PROBLEM TO WORK ON –
Output only the lines below from the one containing "Gallery image thumbnail" to the one containing "Pin's ENTREPRISE /", exactly as written, both ends kept.

THE DATA –
══════════════════════════════
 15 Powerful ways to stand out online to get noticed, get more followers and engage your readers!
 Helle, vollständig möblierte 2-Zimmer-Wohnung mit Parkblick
══════════════════════════════
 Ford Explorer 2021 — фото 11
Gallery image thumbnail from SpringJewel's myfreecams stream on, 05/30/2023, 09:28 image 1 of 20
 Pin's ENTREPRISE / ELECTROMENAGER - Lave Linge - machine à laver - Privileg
══════════════════════════════
TASK OUTPUT –
Gallery image thumbnail from SpringJewel's myfreecams stream on, 05/30/2023, 09:28 image 1 of 20
 Pin's ENTREPRISE / ELECTROMENAGER - Lave Linge - machine à laver - Privileg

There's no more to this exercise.